→ **YOUR GOAL**
Pick out each line with the word "into" from the material that follows.

→ **GIVEN RECORDS**

******

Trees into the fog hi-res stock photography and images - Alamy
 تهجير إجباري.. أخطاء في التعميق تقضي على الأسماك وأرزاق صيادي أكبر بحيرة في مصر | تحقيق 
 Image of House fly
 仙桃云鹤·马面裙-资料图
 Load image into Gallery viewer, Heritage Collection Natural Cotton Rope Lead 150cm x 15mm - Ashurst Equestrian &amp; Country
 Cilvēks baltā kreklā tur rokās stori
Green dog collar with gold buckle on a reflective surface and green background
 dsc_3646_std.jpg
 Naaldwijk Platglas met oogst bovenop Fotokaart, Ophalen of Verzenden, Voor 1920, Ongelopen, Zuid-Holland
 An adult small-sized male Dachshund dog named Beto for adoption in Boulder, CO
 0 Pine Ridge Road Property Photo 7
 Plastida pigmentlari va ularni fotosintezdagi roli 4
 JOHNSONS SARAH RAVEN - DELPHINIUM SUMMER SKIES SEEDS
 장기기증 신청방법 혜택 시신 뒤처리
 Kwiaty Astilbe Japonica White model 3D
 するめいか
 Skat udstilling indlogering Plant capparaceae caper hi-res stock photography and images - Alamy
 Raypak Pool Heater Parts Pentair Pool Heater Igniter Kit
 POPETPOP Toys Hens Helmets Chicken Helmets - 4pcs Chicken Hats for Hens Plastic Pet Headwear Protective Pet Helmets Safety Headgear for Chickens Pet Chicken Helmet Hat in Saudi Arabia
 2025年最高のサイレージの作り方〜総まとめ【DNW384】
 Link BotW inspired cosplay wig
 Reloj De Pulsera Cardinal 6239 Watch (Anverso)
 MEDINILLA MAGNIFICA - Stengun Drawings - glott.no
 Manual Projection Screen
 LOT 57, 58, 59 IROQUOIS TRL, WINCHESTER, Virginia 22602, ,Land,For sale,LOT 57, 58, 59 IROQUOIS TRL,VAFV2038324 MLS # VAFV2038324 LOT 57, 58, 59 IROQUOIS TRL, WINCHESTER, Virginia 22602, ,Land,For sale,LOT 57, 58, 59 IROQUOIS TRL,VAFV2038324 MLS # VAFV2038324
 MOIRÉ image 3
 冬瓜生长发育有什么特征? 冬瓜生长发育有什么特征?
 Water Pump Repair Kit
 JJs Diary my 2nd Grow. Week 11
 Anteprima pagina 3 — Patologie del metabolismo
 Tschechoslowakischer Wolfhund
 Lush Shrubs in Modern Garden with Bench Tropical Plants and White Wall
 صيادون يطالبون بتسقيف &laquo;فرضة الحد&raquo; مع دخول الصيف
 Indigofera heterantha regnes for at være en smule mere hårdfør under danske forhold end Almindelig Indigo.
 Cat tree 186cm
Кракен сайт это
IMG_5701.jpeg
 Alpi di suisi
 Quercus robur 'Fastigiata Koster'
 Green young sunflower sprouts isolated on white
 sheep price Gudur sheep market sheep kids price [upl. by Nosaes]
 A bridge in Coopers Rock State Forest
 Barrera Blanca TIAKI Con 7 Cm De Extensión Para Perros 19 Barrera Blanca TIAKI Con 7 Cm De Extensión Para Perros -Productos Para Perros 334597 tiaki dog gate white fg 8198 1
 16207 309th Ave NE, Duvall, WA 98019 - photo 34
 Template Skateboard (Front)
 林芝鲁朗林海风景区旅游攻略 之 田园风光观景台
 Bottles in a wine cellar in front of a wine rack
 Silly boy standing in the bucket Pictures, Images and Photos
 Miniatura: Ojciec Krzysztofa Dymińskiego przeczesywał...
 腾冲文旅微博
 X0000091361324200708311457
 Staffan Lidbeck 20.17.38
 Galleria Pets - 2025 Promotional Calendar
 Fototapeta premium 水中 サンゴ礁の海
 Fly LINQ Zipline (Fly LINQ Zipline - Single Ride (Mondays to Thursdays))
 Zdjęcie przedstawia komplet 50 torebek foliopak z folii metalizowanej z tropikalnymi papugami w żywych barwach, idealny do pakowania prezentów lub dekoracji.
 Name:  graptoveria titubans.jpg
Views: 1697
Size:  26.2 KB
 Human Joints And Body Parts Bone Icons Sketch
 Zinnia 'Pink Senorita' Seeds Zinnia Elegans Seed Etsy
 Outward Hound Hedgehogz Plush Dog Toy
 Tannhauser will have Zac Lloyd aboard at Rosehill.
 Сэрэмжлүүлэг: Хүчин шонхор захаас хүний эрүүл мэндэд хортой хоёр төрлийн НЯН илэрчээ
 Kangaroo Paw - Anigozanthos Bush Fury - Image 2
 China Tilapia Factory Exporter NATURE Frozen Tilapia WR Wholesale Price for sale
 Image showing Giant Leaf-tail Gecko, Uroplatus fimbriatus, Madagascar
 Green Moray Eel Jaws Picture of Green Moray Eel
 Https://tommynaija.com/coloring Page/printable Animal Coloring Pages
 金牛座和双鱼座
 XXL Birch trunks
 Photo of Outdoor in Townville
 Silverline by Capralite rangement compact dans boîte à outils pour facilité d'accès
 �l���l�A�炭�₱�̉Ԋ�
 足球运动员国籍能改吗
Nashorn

******

→ **OUTPUT**
Trees into the fog hi-res stock photography and images - Alamy
 Load image into Gallery viewer, Heritage Collection Natural Cotton Rope Lead 150cm x 15mm - Ashurst Equestrian &amp; Country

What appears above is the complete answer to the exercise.